Lies, damn lies and ..........

November 30th Out and about in Abuja

Greetings, it has been an exciting week around Abuja as the capital city moved into party mode; the Carnival has been in town last weekend. I abandoned the festivities and played my usual round of footie with the lads. That in retrospect seems to have been a mistake on my part, we lost the game abysmally and I missed a great display of horsemanship and pageantry at a local Durbar. Oh yes, Colonel Gadaffi of Libya was spotted walking on the dualcarriage near Abuja, some diplomatic spat at the airport, not sure of all the detail.

Sometimes, I think back on past memories, some utterly joyful, others perhaps not so and at times look forward to life’s unknowns. In Nigeria, one out of every five children will not live beyond the age of five, or more starkly 200 of every 1000 babies born alive will not see their fifth birthday. That’s a statistic; take from it what you will.

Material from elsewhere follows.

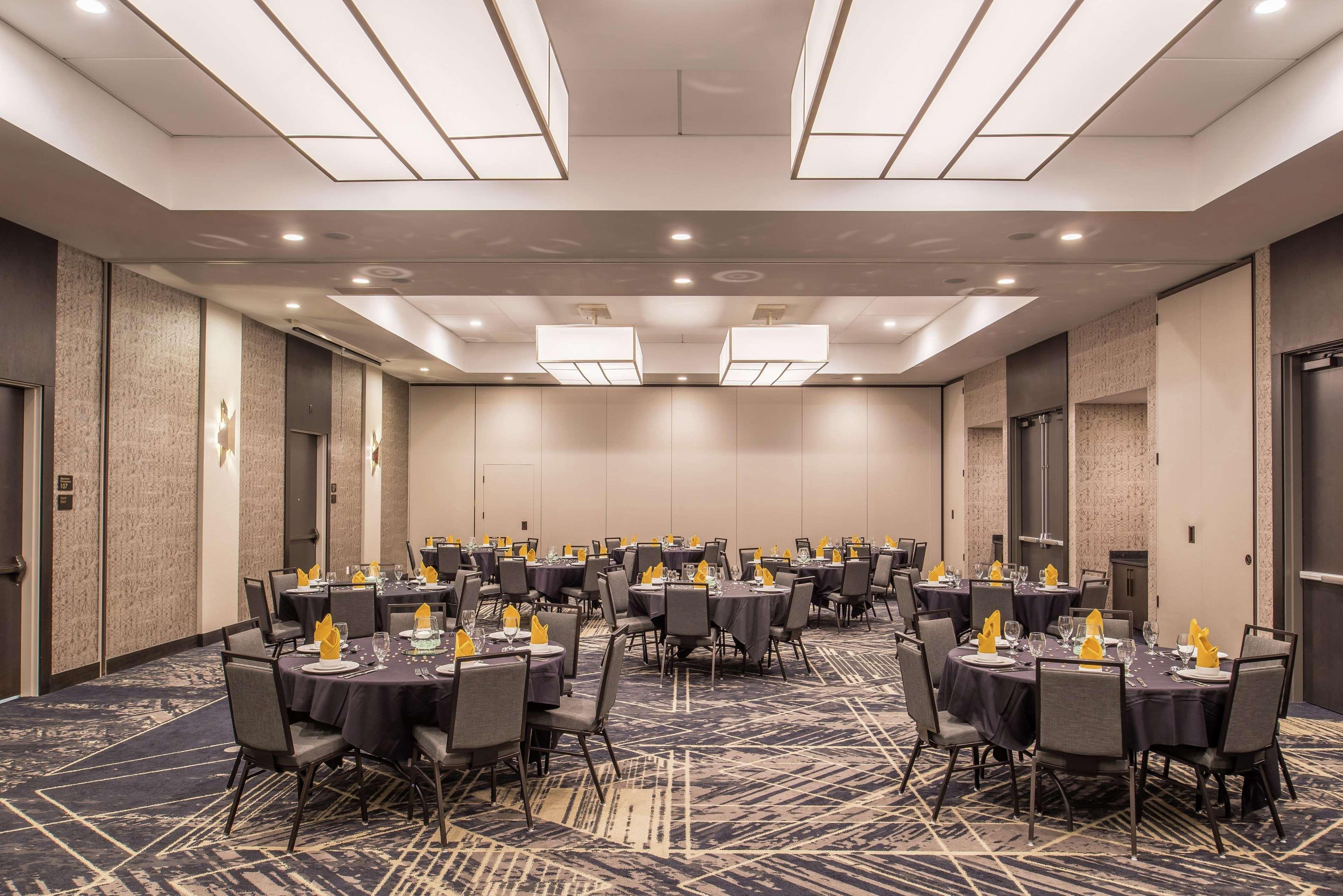 Doubletree By Hilton Lafayette East Hotel Ngoại thất bức ảnh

So, let’s say an average child reaches the age of five in Nigeria, what are the likely or possible paths they will follow? Increasing numbers will go to primary school but many will drop out before reaching secondary school, not from lack of talent or drive to succeed, but oftentimes out of sheer poverty. In the 1980s Nigeria was widely regarded and recognised as having one of the best education systems in Africa, producing tens of thousands of graduates on a yearly basis, vast numbers though have chosen, by choice or otherwise to leave their country to works as doctors, engineers, lawyers and nurses around the world. So those with varying degrees of education, what are their chances of finding employment in Nigeria?

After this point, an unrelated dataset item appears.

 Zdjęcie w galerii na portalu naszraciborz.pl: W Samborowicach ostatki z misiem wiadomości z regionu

Nigerians living and working in Ireland, Europe or wherever might be surprised to know that the unemployment rate currently in Nigeria stands at 12.5 per cent or so the Federal Bureau of Statistics report here. This may be true, depending on how you define unemployment, but it is likely to be a gross manipulation of the figures or accurate perhaps if you define unemployment narrowly and exclude those living on the edges of society, those hawking goods, struggling on small farms, or the utter millions surviving in a multitude of ways but not in the formal economy.

Any idea what is the population of Nigeria? You can phone a friend, ask an audience if they are to hand or just hazard a guess. Current wisdom suggests that the population is close to 130 million. Problem is; there has not been a ‘proper’ census in Nigeria since 1963 A recent speech from the Minister of Finance quoted a population figure of 150 million inhabitants in this vast country. What’s in a statistic………. well, you can lose or gain 20 million people in the blinking of an eye.

The wonders of statistics, here is one that is likely to be true, in 2006, the Federal Bureau of Statistics reduced its workforce from 4000 to 2800, or in their words ‘disengaged’ 1200 workers. That’s 30 per cent of the workforce retrenched or is that a productivity gain of 42.85 per cent? Ponder what this may mean?

I am off to Lagos this weekend, home to millions of people, how many people, its anyone’s guess. So what’s in a statistic? A life extinguished, unfulfilled, a whole world of opportunity lost or gained, manipulation, power or just chance.

Have a good week.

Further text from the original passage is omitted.